Abstract
Over the last decade, a 3D reconstruction technique has been developed to present the latest as-is information for various objects and build the city information models. Meanwhile, deep learning based approaches are employed to add semantic information to the models. Studies have proved that the accuracy of the model could be improved by combining multiple data channels (e.g., XYZ, Intensity, D, and RGB). Nevertheless, the redundant data channels in large-scale datasets may cause high computation cost and time during data processing. Few researchers have addressed the question of which combination of channels is optimal in terms of overall accuracy (OA) and mean intersection over union (mIoU). Therefore, a framework is proposed to explore an efficient data fusion approach for semantic segmentation by selecting an optimal combination of data channels. In the framework, a total of 13 channel combinations are investigated to pre-process data and the encoder-to-decoder structure is utilized for network permutations. A case study is carried out to investigate the efficiency of the proposed approach by adopting a city-level benchmark dataset and applying nine networks.

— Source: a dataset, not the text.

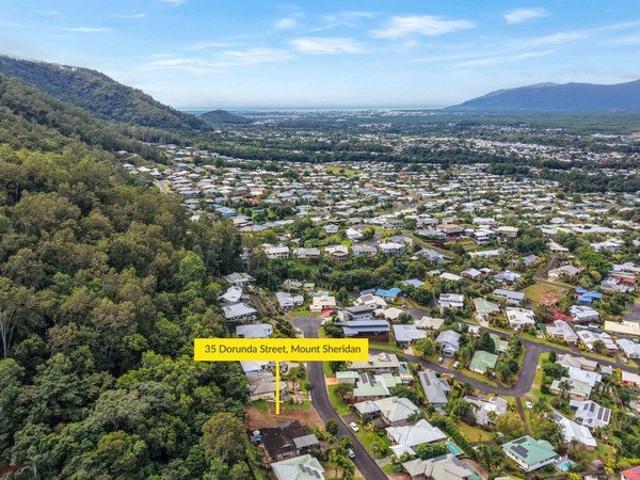 Build Without Compromise on This Premium 700m2 Benched Block with Magic Views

It is found that the combination of IRGB channels provide the best OA performance, while IRGBD channels provide the best mIoU performance.
Original language | English |
---|---|
Article number | 1367 |
Journal | Remote Sensing |
Volume | 13 |
Issue number | 7 |
DOIs | |
Publication status | Published - 1 Apr 2021 |
Keywords
- 3D reconstruction
- City information modelling
- Data channels
- Data fusion
- Point cloud
- Semantic segmentation